> _How to complete this task_
Under this line are the records; repeat exactly the lines starting at the one containing "Lâmpada de Foco" and ending at the one containing "Polish Pottery Teapot", omitting pictures.

> _Supplied material_

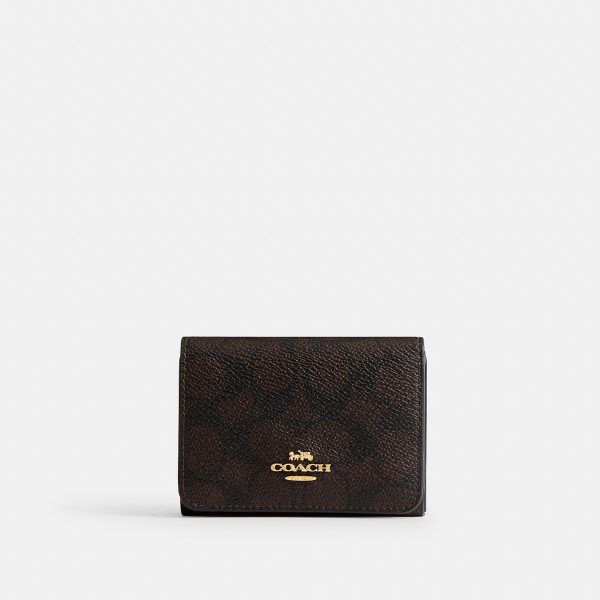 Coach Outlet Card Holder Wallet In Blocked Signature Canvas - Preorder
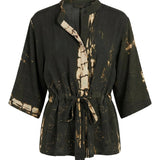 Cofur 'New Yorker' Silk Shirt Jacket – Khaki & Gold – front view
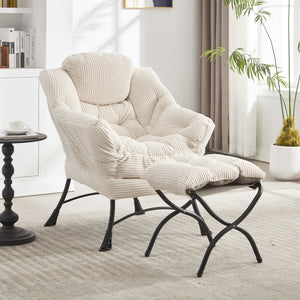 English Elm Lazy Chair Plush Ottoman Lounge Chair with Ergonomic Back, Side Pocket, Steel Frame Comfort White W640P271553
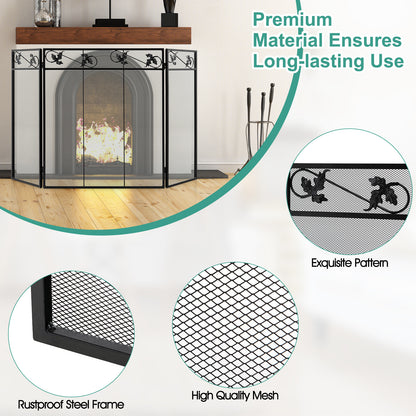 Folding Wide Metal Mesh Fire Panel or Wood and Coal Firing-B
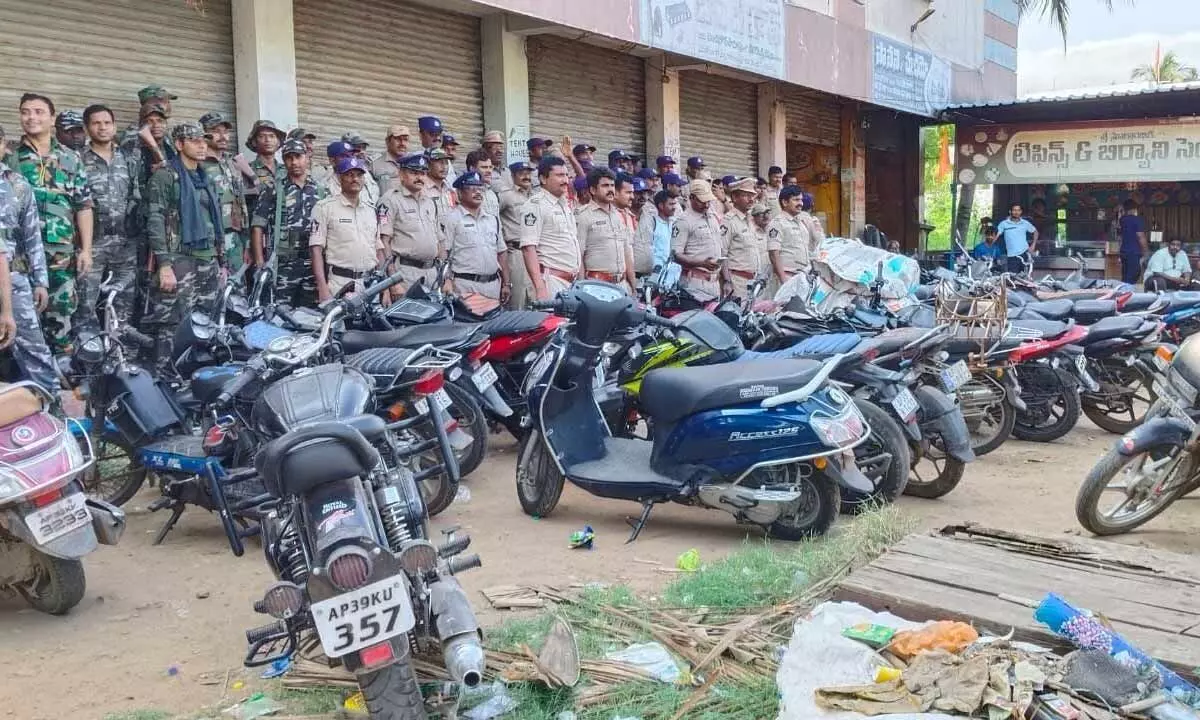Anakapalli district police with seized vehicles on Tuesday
==
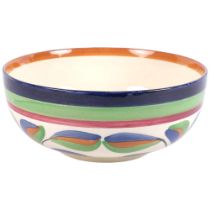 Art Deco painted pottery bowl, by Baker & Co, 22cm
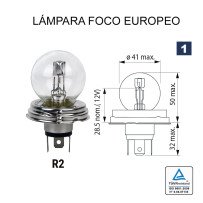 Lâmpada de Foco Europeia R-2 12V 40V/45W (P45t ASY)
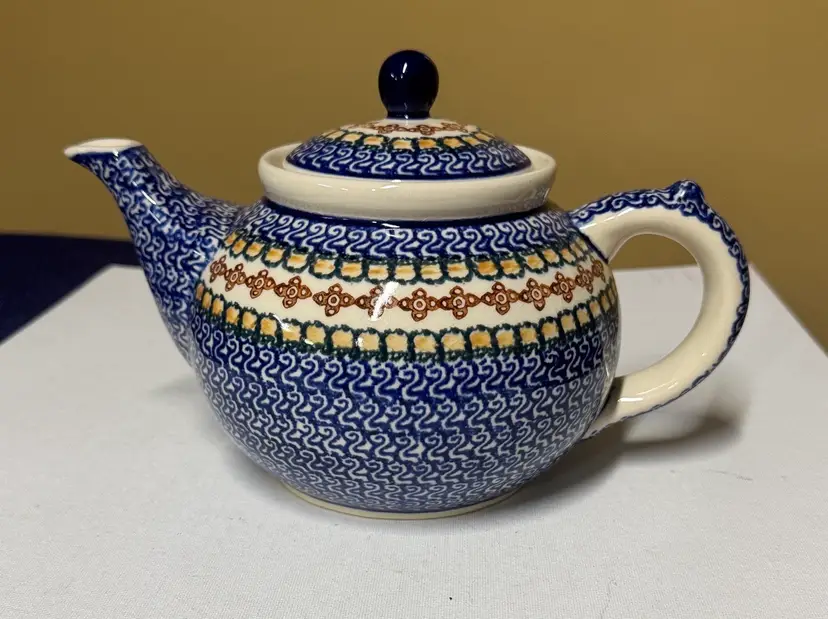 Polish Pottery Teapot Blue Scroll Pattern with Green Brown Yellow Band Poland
...
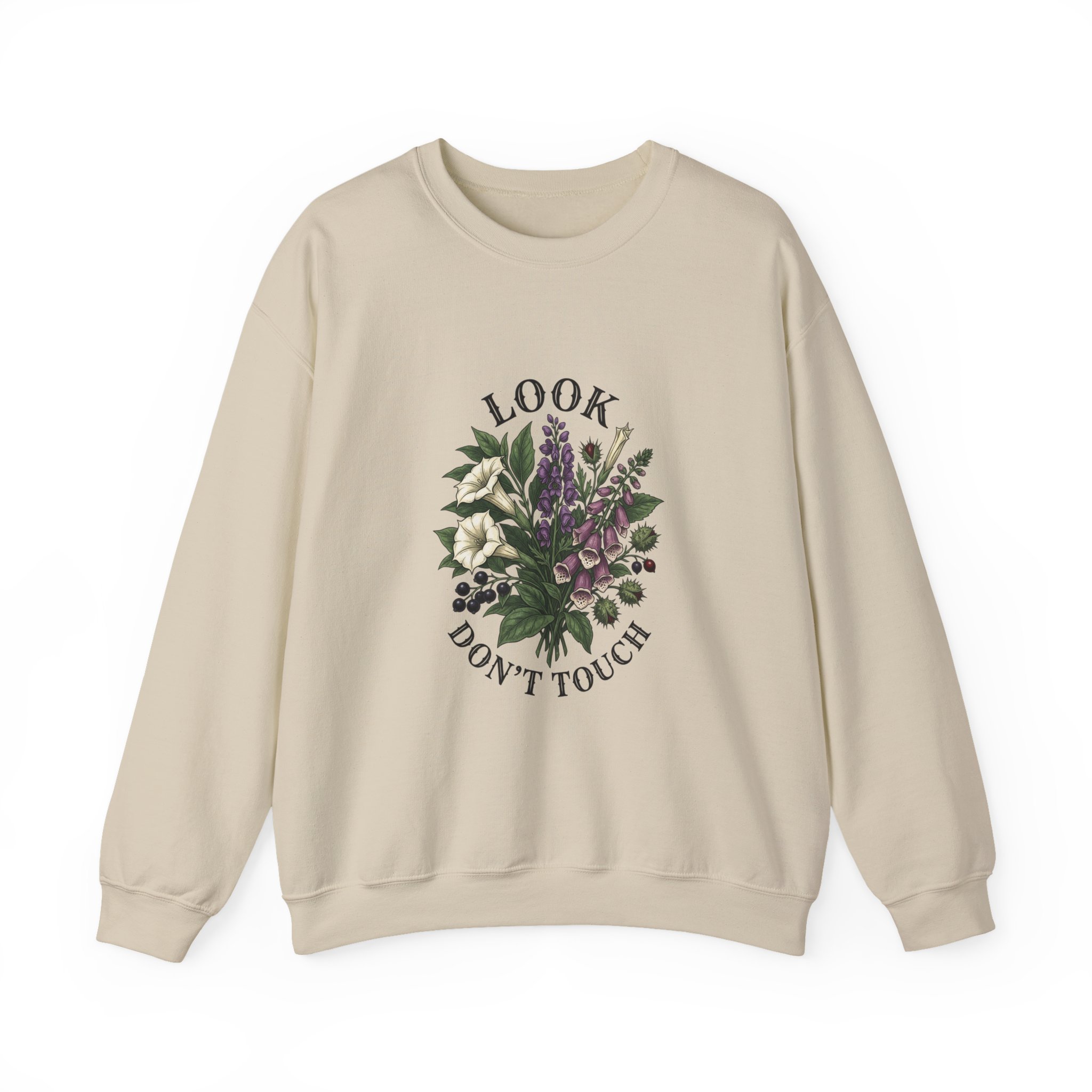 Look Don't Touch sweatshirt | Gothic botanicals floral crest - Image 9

> _Task output_
 Lâmpada de Foco Europeia R-2 12V 40V/45W (P45t ASY)
 Polish Pottery Teapot Blue Scroll Pattern with Green Brown Yellow Band Poland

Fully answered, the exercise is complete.